British Airways has warned that its pension deficit is set to double to £2.1bn ($3.9bn).
BA is looking for ways to cut its soaring pension deficit
Bosses at the airline were meeting union officials to discuss plans to tackle the pensions black hole - which was previously put at £928m.
The widening deficit comes despite BA doubling its contributions and a recent recovery in the stock market.
BA's proposals include raising the retirement age to 65 and capping pay rises to the rate of inflation.
The airline plans to keep its final salary pension scheme, with no increase in staff contribution rates, and will make a £500m one-off payment if unions agree to new arrangements.
However, GMB national officer Ed Blissett said his union would "not accept raising the retirement age to 65 for those who expect to go at 60".
Separate proposals to manage the pensions fund deficit were being planned, the union said.
BA's chief executive Willie Walsh said the company's proposal was "a fair solution"
"The deficit is massive and we must deal with it.
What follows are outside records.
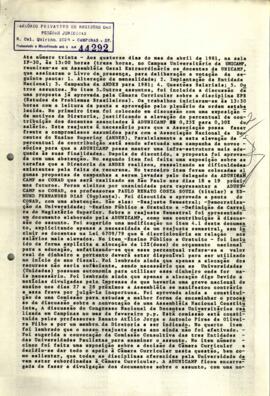 Ata 30 de Assembleia Geral Extraordinária de 14-04-1981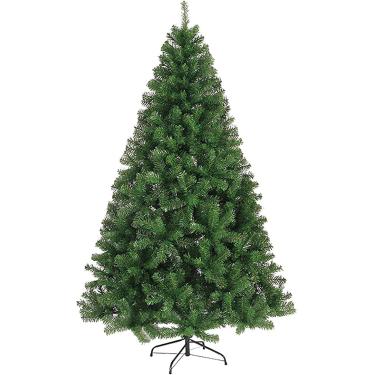 Imagem de Árvore de Natal artificial de 5 pés vermelha com dicas de brâmane espessoso, árvore de Natal grande interna externa com suporte de metal, decoração colorida do festival de pinheiros de Natal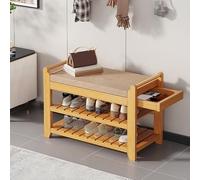 Banc à chaussures en bois avec coussin - Organiseur de rangement d'entrée avec rangement latéral pour vestiaire, salon et couloir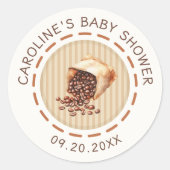Koffie Baby Borrel Douche Ronde Sticker (Voorkant)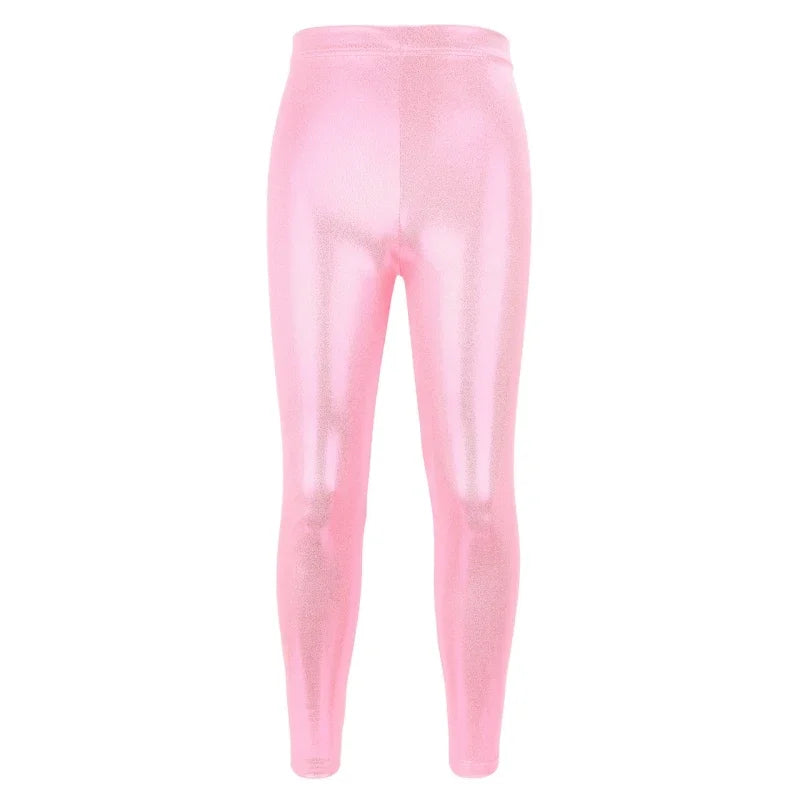 Girls shiny metallic ballet leggings by Hot Trend Vault, high elastic, breathable dance pants for costumes, shown in reflective silver fabric.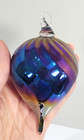Hand Blown Purple Iridescent Art Glass Ornament Multicolor Teardrop 5 
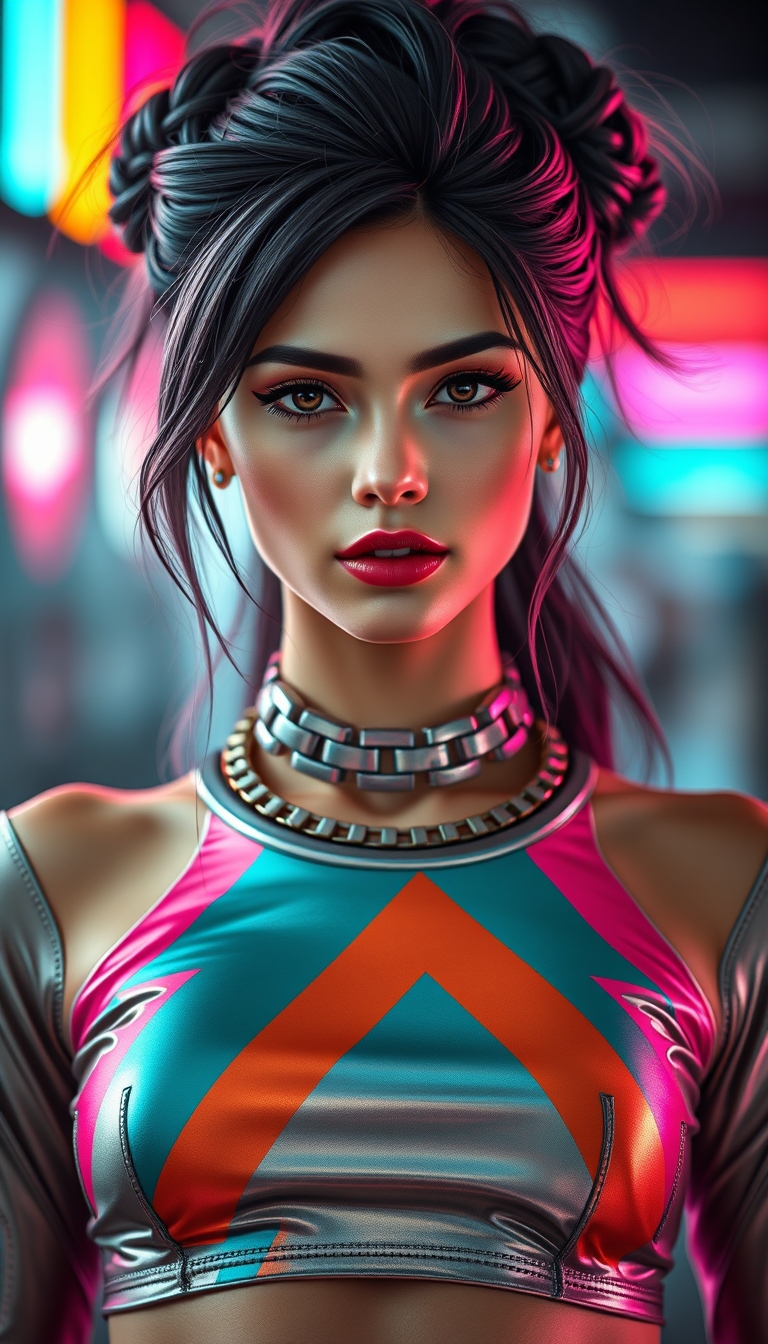 A highly detailed, photorealistic portrait of a young woman with a striking, futuristic appearance. The woman has long, dark hair styled in an intricate updo, with strands of lighter hair framing her face. She wears a form-fitting, metallic crop top with a bold, geometric pattern in shades of teal, orange, and pink, creating a striking visual effect. The woman's makeup is bold and dramatic, with vivid red lips and heavily lined eyes. Around her neck is a chunky, metallic choker. The background is blurred, with colorful, neon-like lights creating a sense of energy and movement. The overall composition has a cyberpunk, retro-futuristic aesthetic, with a strong emphasis on the woman's captivating features and bold fashion choices. The level of detail is exceptional, with every texture and material rendered with meticulous precision. - Image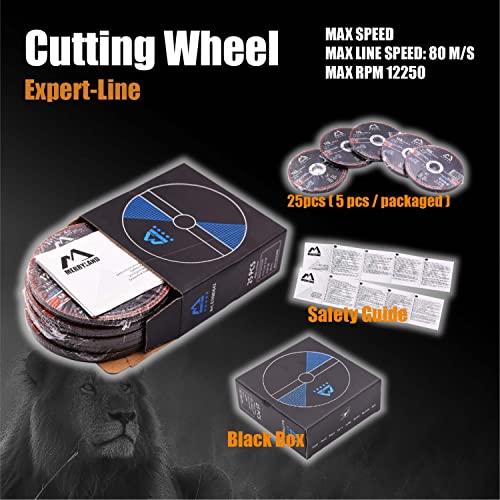 Merryland 25 Pack Cut Off Wheel 5 inch 1/16 Metal Iron Stainless Steel - size: 5 X 0.065 Cutting for Steel Metal Iron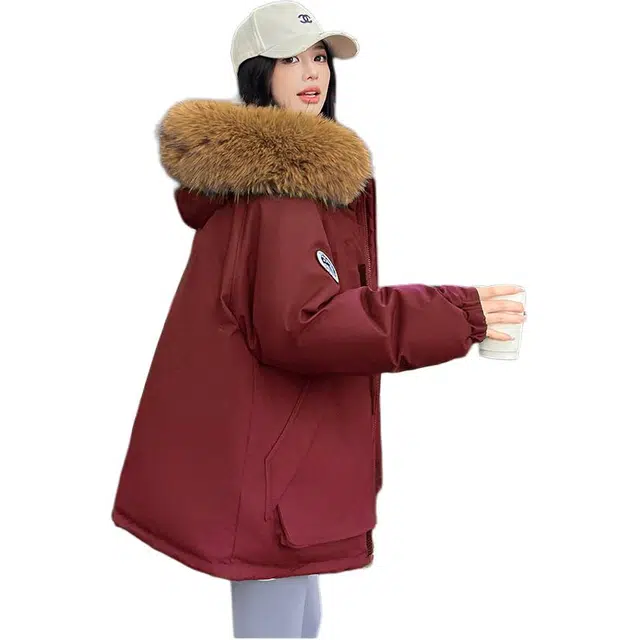 思蓓儿 工装派克服小个子毛领加厚外套韩系棉服 女款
It's one of the biggest challenges we face and I'm determined that we will resolve it," he said.
A report by accountants PricewaterhouseCoopers, commissioned by BA pension fund trustees, has suggested that the airline could afford to pay more than a lump sum of £500m into the pensions deficit.
But the report said BA could not afford annual contributions of more than £240m, well below the amount needed to pay down the deficit for past pensions as well as future needs.